Instructions to follow:
Return the lines that run from the beginning of the entries to the line holding "En imágenes: vecinos", inclusive, and drop the pictures.

Input:
|---|
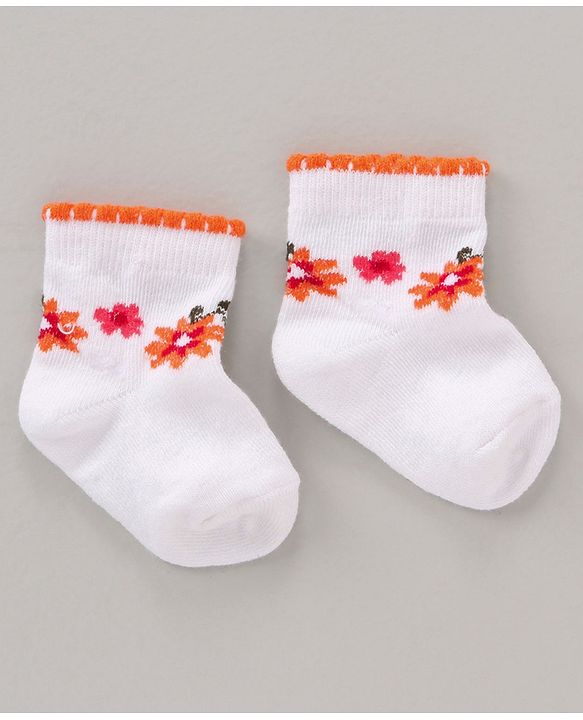 Cute Walk by Babyhug Anti Bacterial Ankle Length Non Terry Socks Flower Print Pack of 5 Pair - Pink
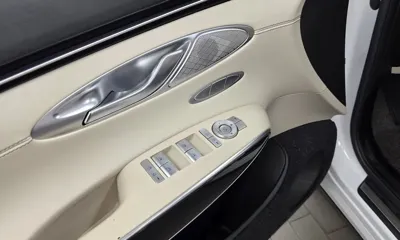 Genesis GV70 2022, 60405 км, за 23893.92 USD - фото 28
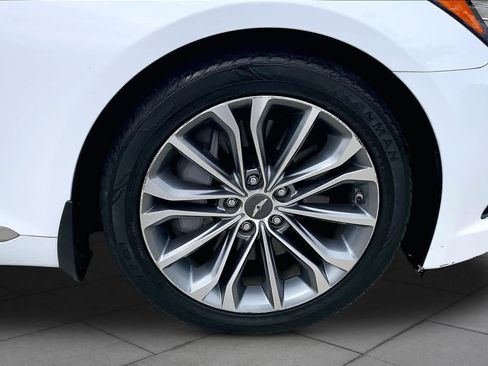 Used 2016 Hyundai Genesis 3.8 w/ Option Group 04 RWD image 10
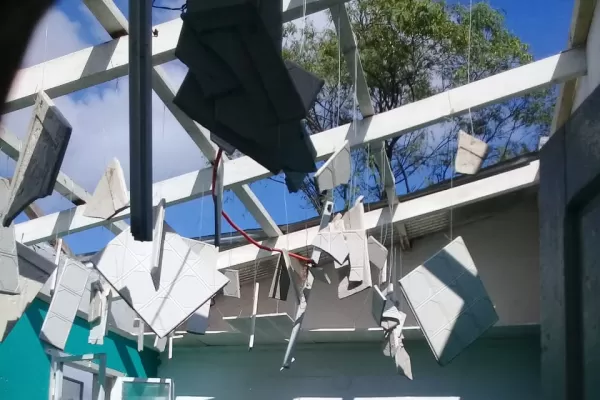 En imágenes: vecinos de Colombres padecen los estragos del vendaval del 24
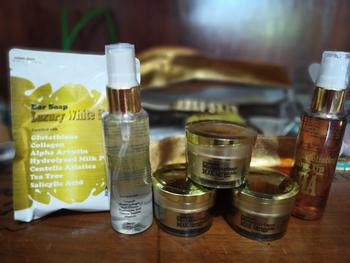 Product Review of Refli Moisturizer 10x Ceramide + red Algae 10ml - Moisturizer Infusion - Merawat Kulit Yang Rusak - Berjerawat - Bruntusan - Sensitive - Skincare Viral Ori from F**g 1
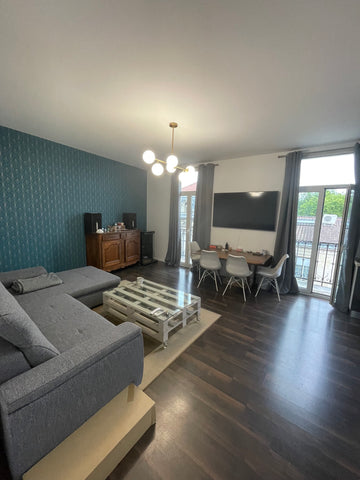 T2 50m carré, déco chic, bel immeuble en pierre bordelais, proche hyper centre a Bordeaux, France GrandT2 50m²  bordeaux centre Pellegrin/saintgenes Entire rental unit vacation rental 49108380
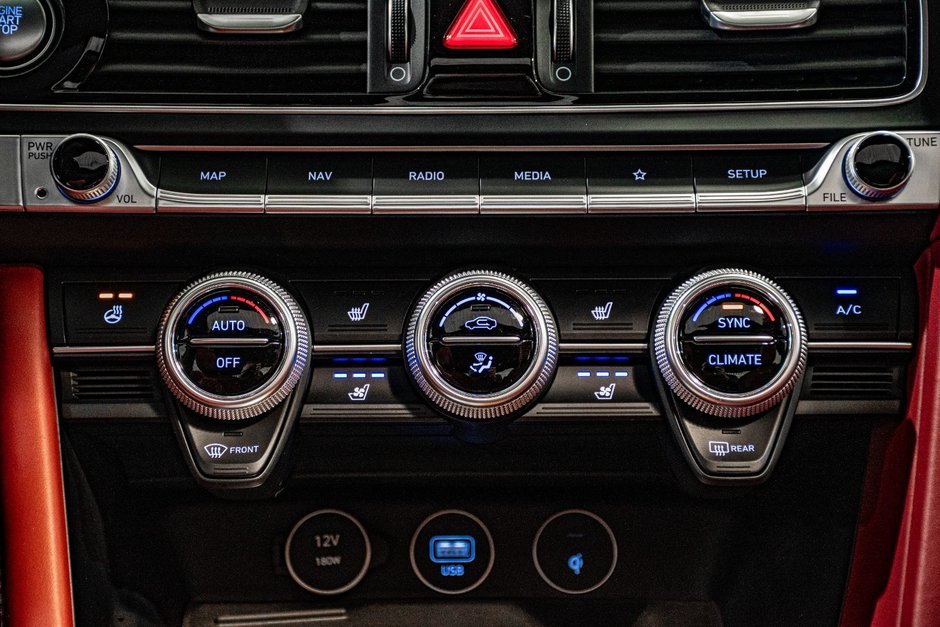 GENESIS G70 3.3T SPORT AWD 365 HP HEAD UP DISP CAM360 CUIR 2022-29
|---|
Task answer:
 Cute Walk by Babyhug Anti Bacterial Ankle Length Non Terry Socks Flower Print Pack of 5 Pair - Pink
 Genesis GV70 2022, 60405 км, за 23893.92 USD - фото 28
 Used 2016 Hyundai Genesis 3.8 w/ Option Group 04 RWD image 10
 En imágenes: vecinos de Colombres padecen los estragos del vendaval del 24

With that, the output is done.